• _EXERCISE DESCRIPTION_: Wherever pictures appear in the listing below, leave them out, and copy exactly, and only, everything from the line with "1970-1978 Nissan 240Z" down to the line with "Scaner Napro Completo 3000/5000 Usb - Foto 4".

• _DATA TO PROCESS_:
——
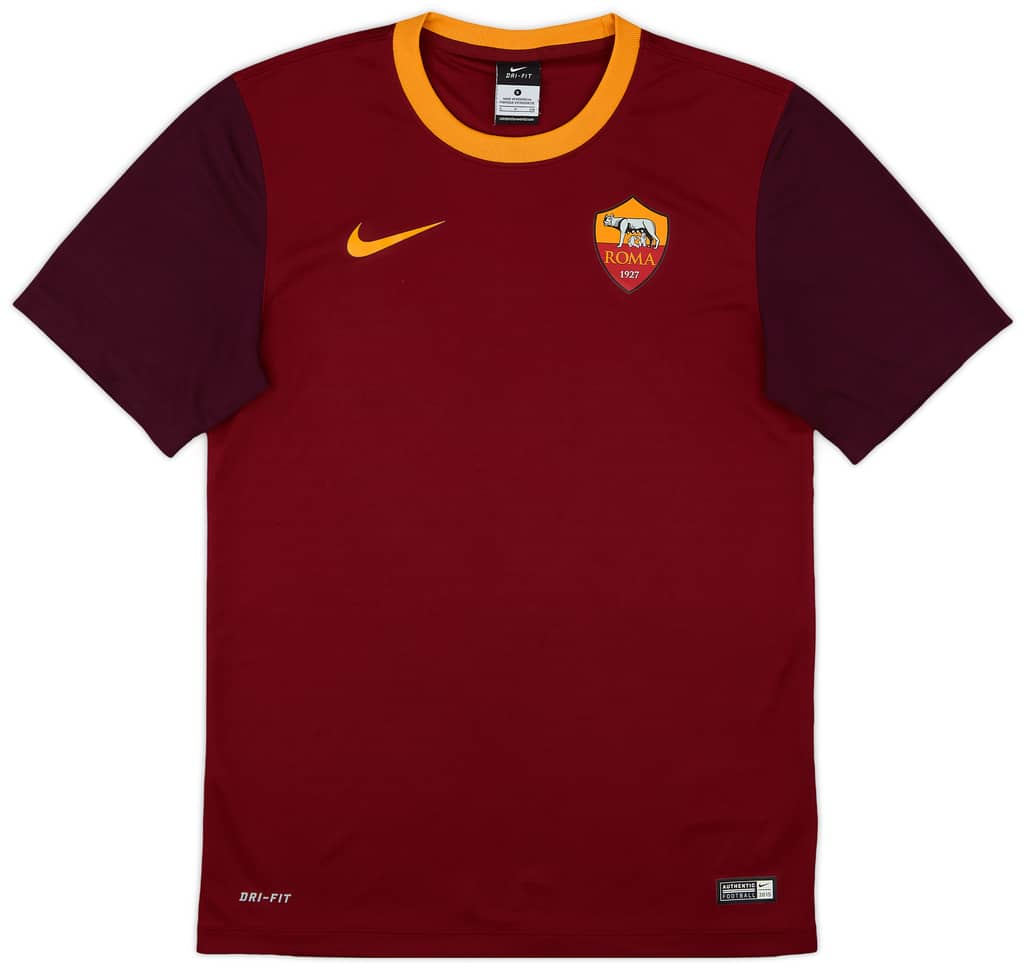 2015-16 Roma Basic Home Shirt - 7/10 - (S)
——
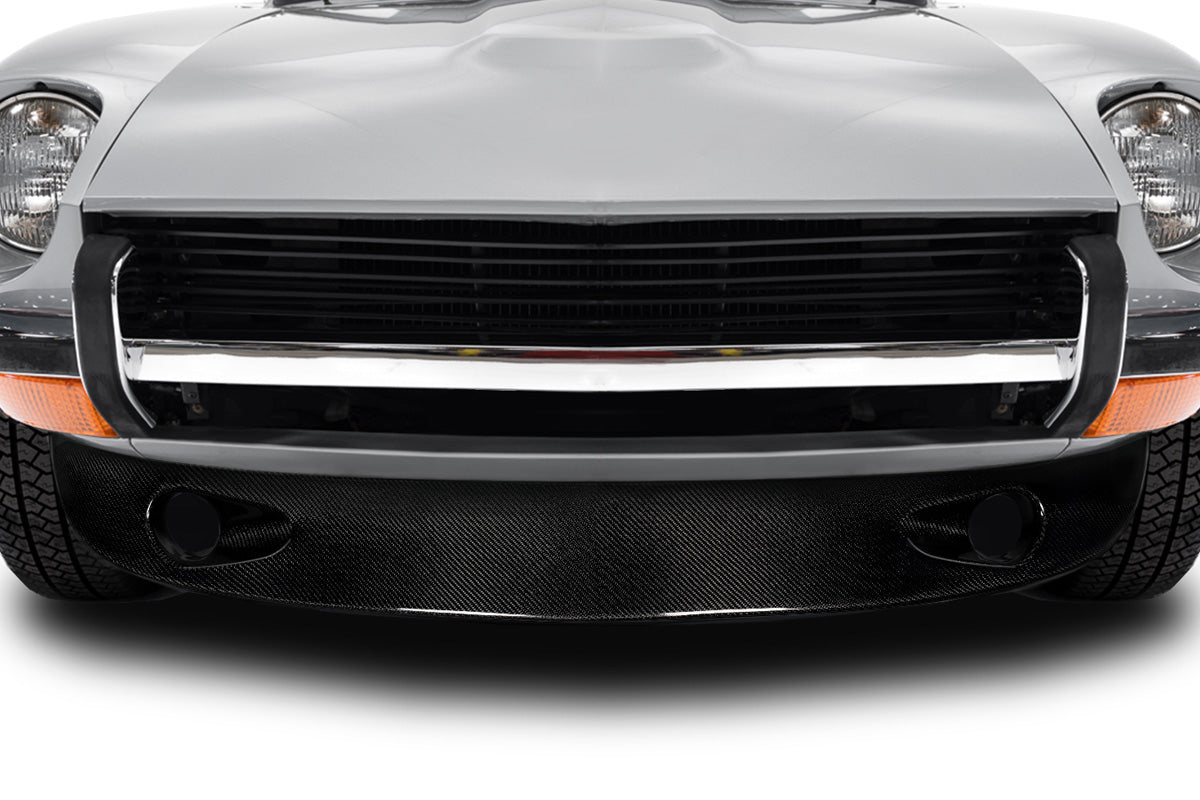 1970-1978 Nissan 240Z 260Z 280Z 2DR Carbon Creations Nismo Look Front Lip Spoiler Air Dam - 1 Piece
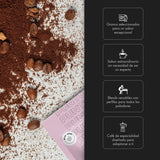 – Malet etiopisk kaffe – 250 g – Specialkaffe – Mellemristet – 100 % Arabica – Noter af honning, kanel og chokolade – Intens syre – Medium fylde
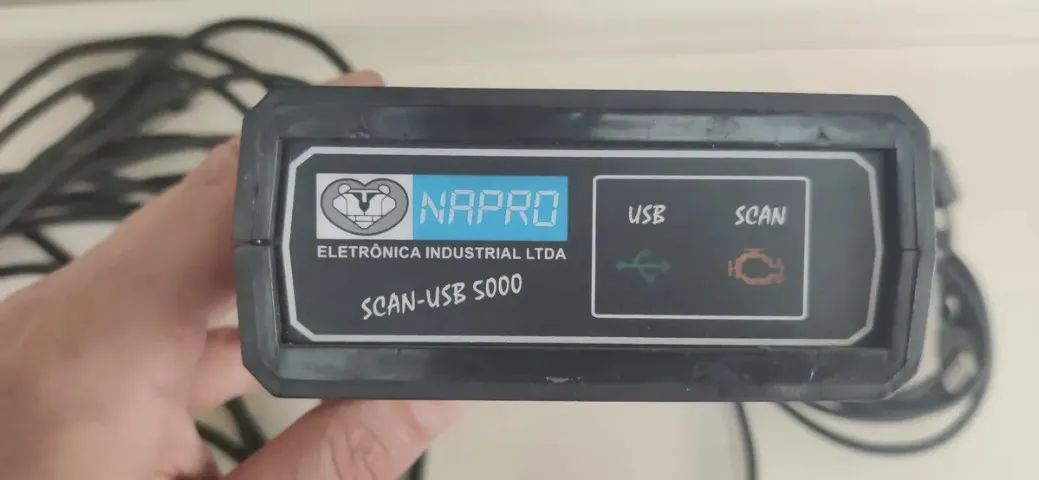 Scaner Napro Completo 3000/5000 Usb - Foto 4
——
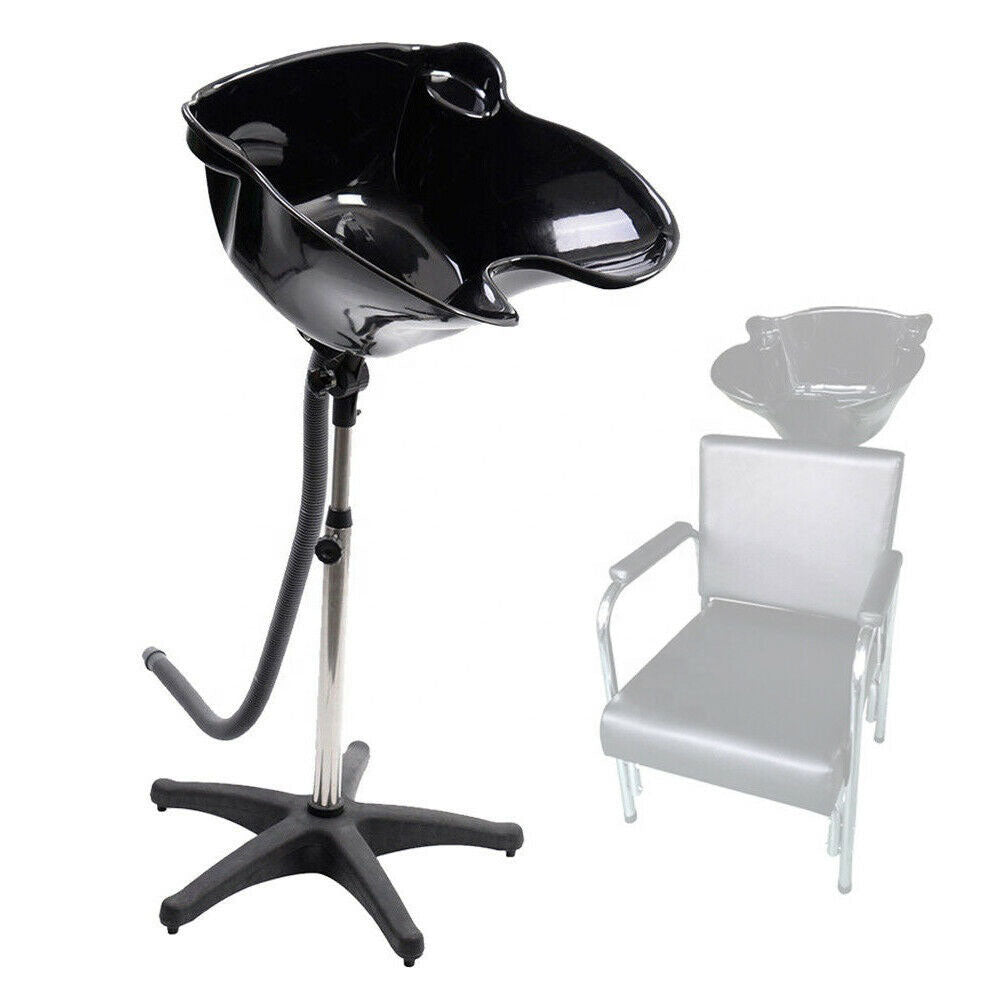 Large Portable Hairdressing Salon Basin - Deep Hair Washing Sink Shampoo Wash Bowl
——
• _EXPECTED ANSWER_:
 1970-1978 Nissan 240Z 260Z 280Z 2DR Carbon Creations Nismo Look Front Lip Spoiler Air Dam - 1 Piece
 – Malet etiopisk kaffe – 250 g – Specialkaffe – Mellemristet – 100 % Arabica – Noter af honning, kanel og chokolade – Intens syre – Medium fylde
 Scaner Napro Completo 3000/5000 Usb - Foto 4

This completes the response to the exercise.